Earlier this week, we uploaded “Have We Finally Become Ghosts in the Machine?”, an essay by Brad Evans and Chantal Meza that explores alienation and loneliness under technology.
Finally, we just uploaded the event recording and some short clips from Monday’s “In Praise of Failure” event featuring Costica Bradatan and Robert Zaretsky.
“In Praise of Failure” - an edited version of the whole conversation.
“Was Gandhi a Failure?” - short clip from the event.
“Why Praise Failure?” - another short clip from the event.
We will upload the recordings and some clips from the other events this past week shortly.
Plans
We have the first meeting of our new-look editorial team on Tuesday. Following this, we should have a clearer idea of which reading groups/classes we will be running in the spring. Do you have any groups/classes you would especially like us to set up? Please let us know in the comments below.
We will also have a clearer idea of which events we will be running in the spring. Confirmed speakers so far include Mariana Alessandri, Jeremy Bendik-Keymer, Lewis Gordon, Michael Hardt, Susan Neiman, Kieran Setiya, and Dan Taylor. Again, do you have any topics or speakers you would like us to add to our events or more general thoughts about the events series?

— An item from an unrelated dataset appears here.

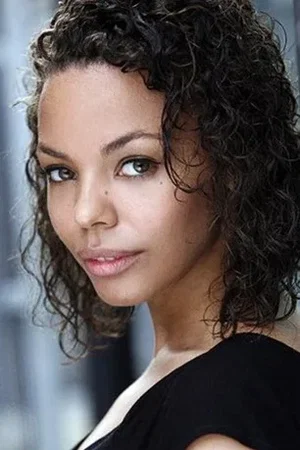  Sasha Frost
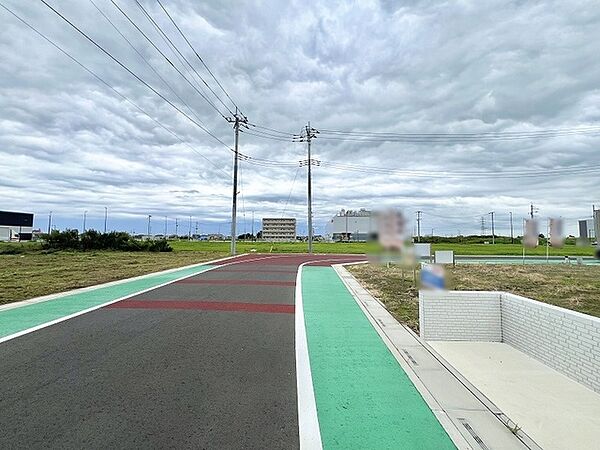 遮るもののない広大な空が広がり、開放感あふれる穏やかな景観が心を和ませます。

Finally, the deadline has arrived for our first print issue of the year, so the submissions are coming in every day at the moment. The topic is “Where is Philosophy Going?” It will be published in February, so more on that soon…
Reflections
I saw a t-shirt the other day that said, “If you have to choose between being right and being kind, choose to be kind and you will always be right”. It’s a nice idea, but is it just flaky quasi-spiritual bullshit? The quote opens up interesting questions about the relationship between morality/ethics and truth. Where do they overlap and where do they diverge? I will outline two thoughts that address this question in the context of thinking about ourselves, and then offer a tentative conclusion.
Firstly, the philosopher Ian Hacking distinguishes between natural kinds, which are the subject matter of the natural sciences and which are not affected by their classifications, and human kinds, which are the subject matter of the human sciences and which are affected by their classifications, such that once these classifications are known they “change the ways in which individuals experience themselves – and may even lead people to evolve their feelings and behaviour in part because they are so classified”.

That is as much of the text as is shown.